Q: AlpFoodway was promoted by the European Commission as part of the European Year of Cultural Heritage 2018 (EYCH). What does this mean for your project and for your partners?
A: First of all, it is a great honour to have been selected by the European Commission as a beacon project for the European Year of Cultural Heritage. This demonstrates that our topic, namely the sustainable economic development of peripheral areas based on the valorisation of the immaterial cultural heritage is of great interest and confirms our innovative approach. Moreover, it is giving great visibility and innumerable opportunities to introduce our work well beyond the alpine borders, giving a concrete contribution to the international debate on this topic.
Q: At the beginning of the project, one of the objectives for the sustainability of the Alps’ culinary heritage was to register it with UNESCO as an intangible global heritage. How do you plan to do this and what aspects exactly would you register? Working methods? Individual dishes? Local produce?
A: When we talk about immaterial cultural heritage we refer to the culinary traditions, the eating rituals, the agricultural practices and knowledge, the recipes that the local communities hand on from generation to generation, innovating them.
Through the research work carried out in AlpFoodway it has been possible to identify the common denominator of the Alpine food culture: it is formed by the traditional values that are the basis of food production: Let’s think about the common use of goods and services, the mutual aid, the care for the territory and the respect of the natural balances, the sobriety and the heritage.

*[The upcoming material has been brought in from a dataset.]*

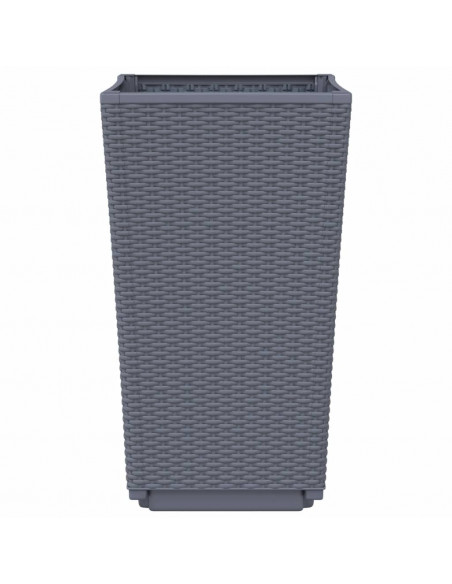 Fioriere da Giardino 4 pz Grigie 32,5x32,5x57 cm in PP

Traditional values that are however also very contemporary!
Based on these values shared in the whole Alpine Arc we have begun to create an inventory of this heritage, involving the local communities in our research activities.
Through this participatory work, it is also possible to raise awareness in the local community as well as in the institutions and the citizens of the immense value of this heritage as well as the risk of its disappearance forever and the great potential for a sustainable territorial development in the peripheral areas.
The awareness of the common values linked to the cultural heritage, as well as the heritage inventory are the basic elements to start the process of multinational candidacy of the Alpine Alimentary Culture as UNESCO (United Nations Educational, Scientific and Cultural Organization) Intangible Heritage. This type of candidacy in fact must come from the bottom up, from the local communities: AlpFoodway makes a common alpine identity emerge and establishes a network among the different cultures.
I must say that the interest of the communities and the institutions that we are gradually involving is indeed large and motivates us to continue in this direction, also involving UNESCO Commissions of various alpine countries and UNESCO itself. An important occasion in order to discuss this will be our Mid-Term Conference which will take place in Innsbruck on 4 October.